+++ Listed records +++
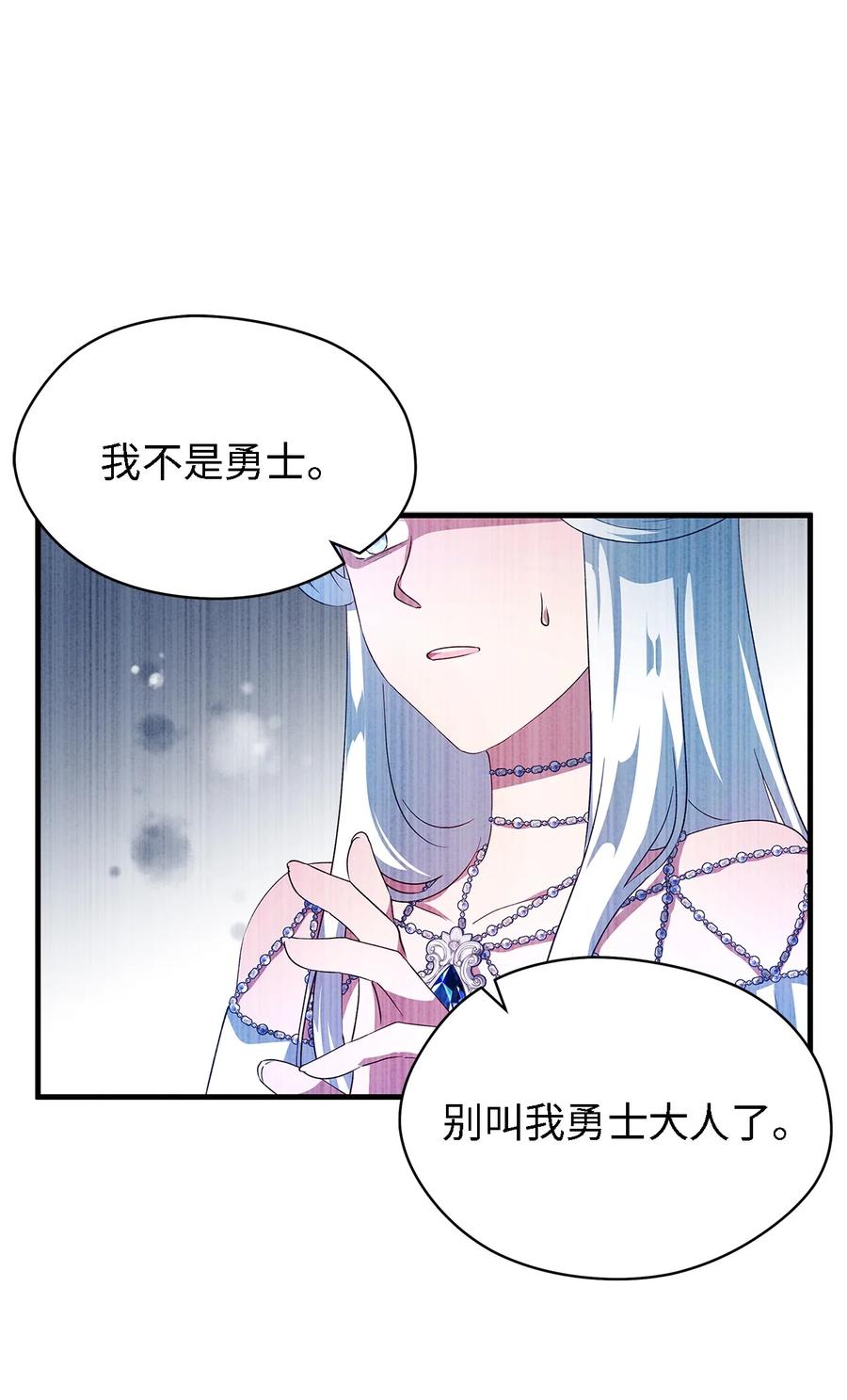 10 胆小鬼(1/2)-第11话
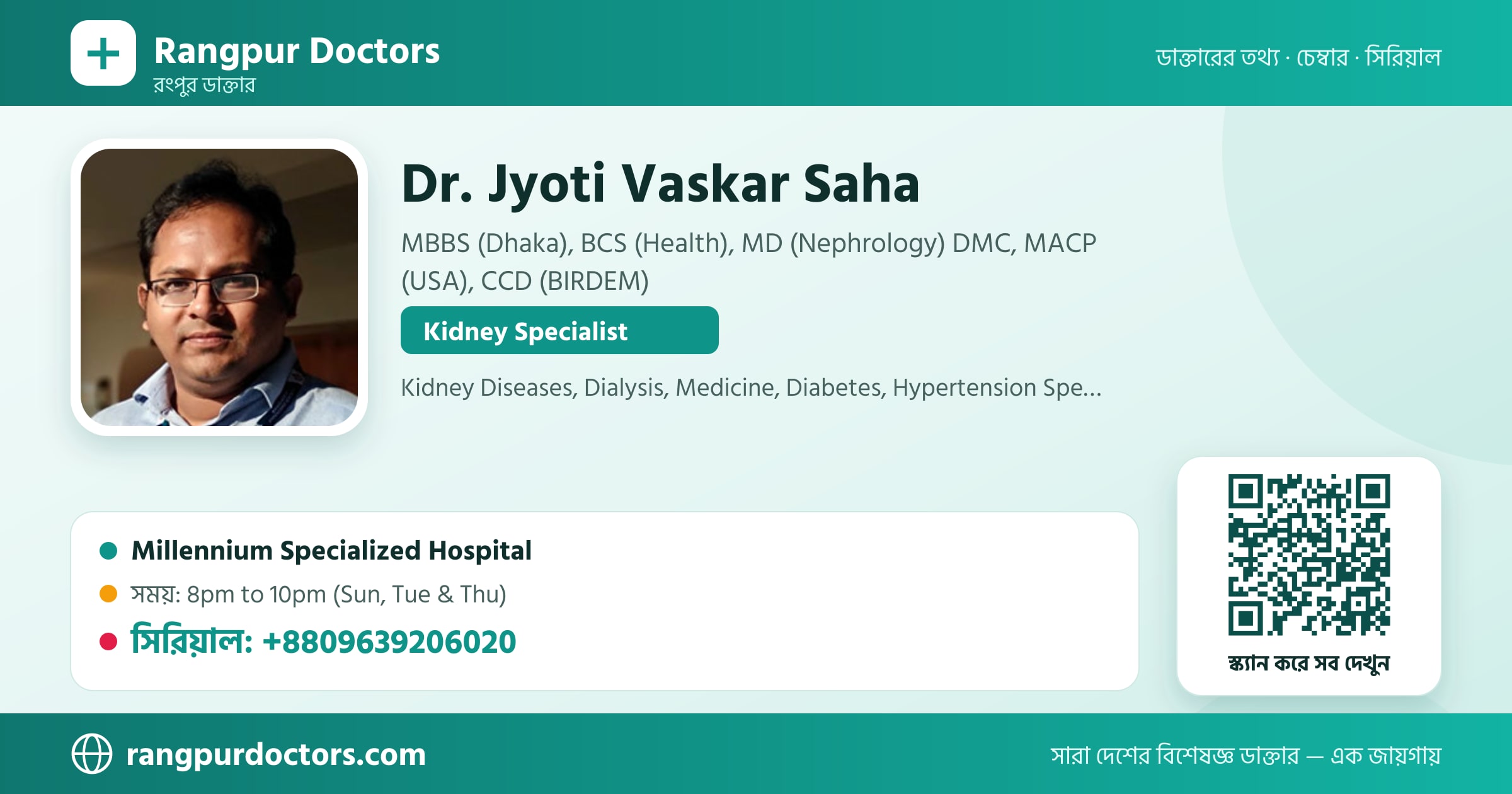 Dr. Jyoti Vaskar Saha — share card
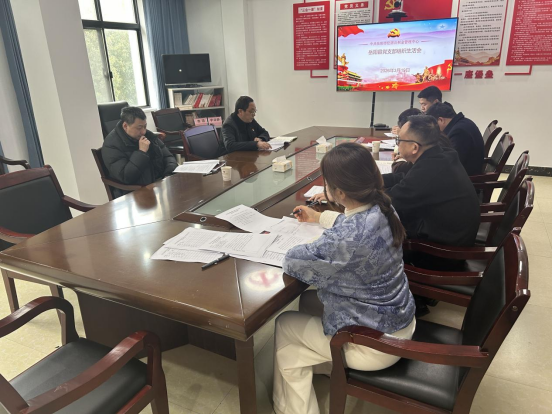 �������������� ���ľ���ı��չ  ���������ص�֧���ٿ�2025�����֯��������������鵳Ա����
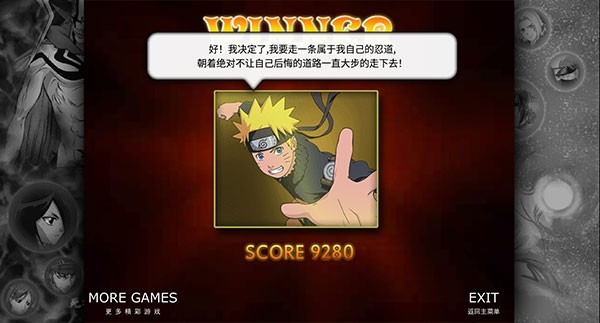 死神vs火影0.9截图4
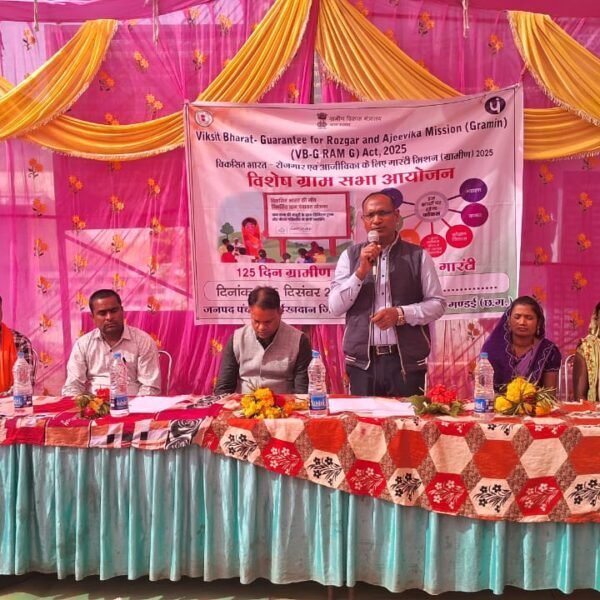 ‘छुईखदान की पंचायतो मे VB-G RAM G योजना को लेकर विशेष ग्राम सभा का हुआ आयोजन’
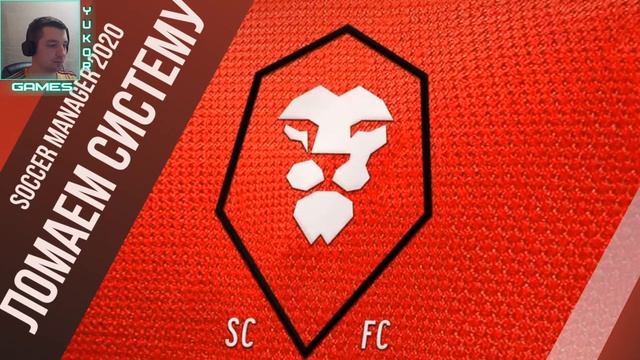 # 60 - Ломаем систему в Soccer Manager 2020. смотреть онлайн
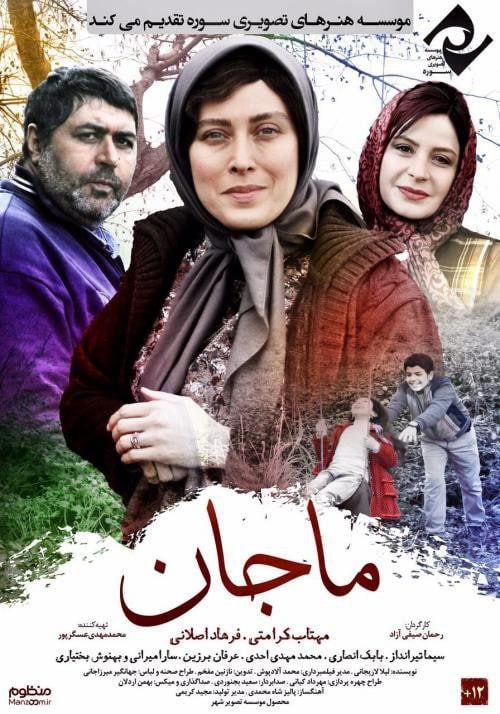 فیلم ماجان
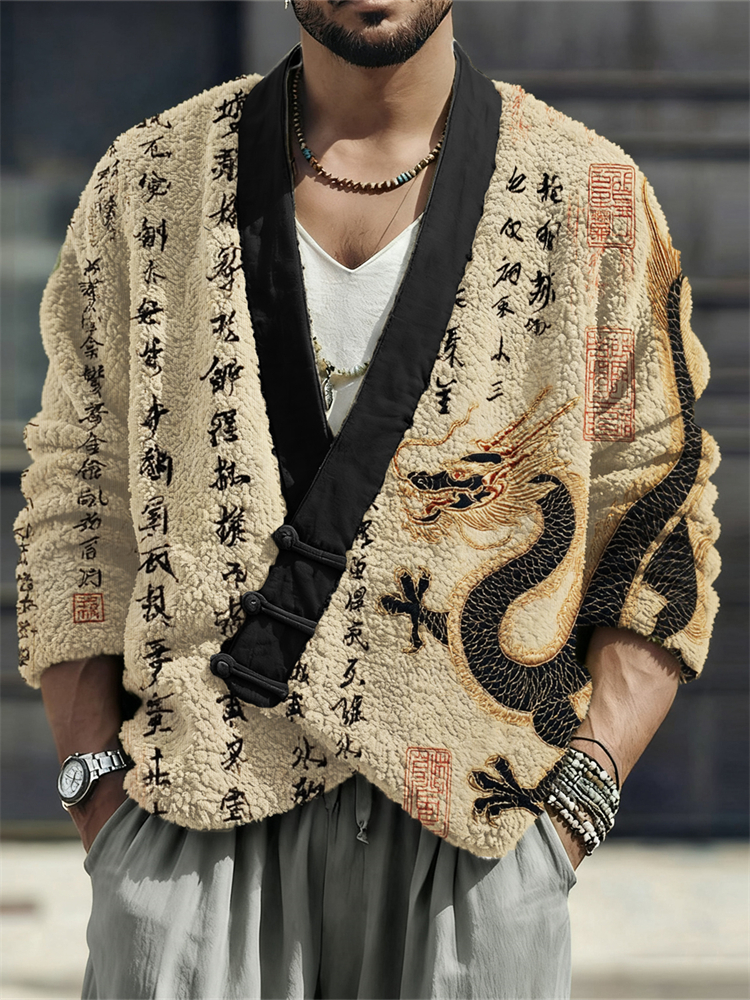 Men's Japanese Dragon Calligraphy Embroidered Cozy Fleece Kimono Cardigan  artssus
+++
Without including any picture, print all of the entries above exactly.

 10 胆小鬼(1/2)-第11话
 Dr. Jyoti Vaskar Saha — share card
 �������������� ���ľ���ı��չ  ���������ص�֧���ٿ�2025�����֯��������������鵳Ա����
 死神vs火影0.9截图4
 ‘छुईखदान की पंचायतो मे VB-G RAM G योजना को लेकर विशेष ग्राम सभा का हुआ आयोजन’
 # 60 - Ломаем систему в Soccer Manager 2020. смотреть онлайн
 فیلم ماجان
 Men's Japanese Dragon Calligraphy Embroidered Cozy Fleece Kimono Cardigan  artssus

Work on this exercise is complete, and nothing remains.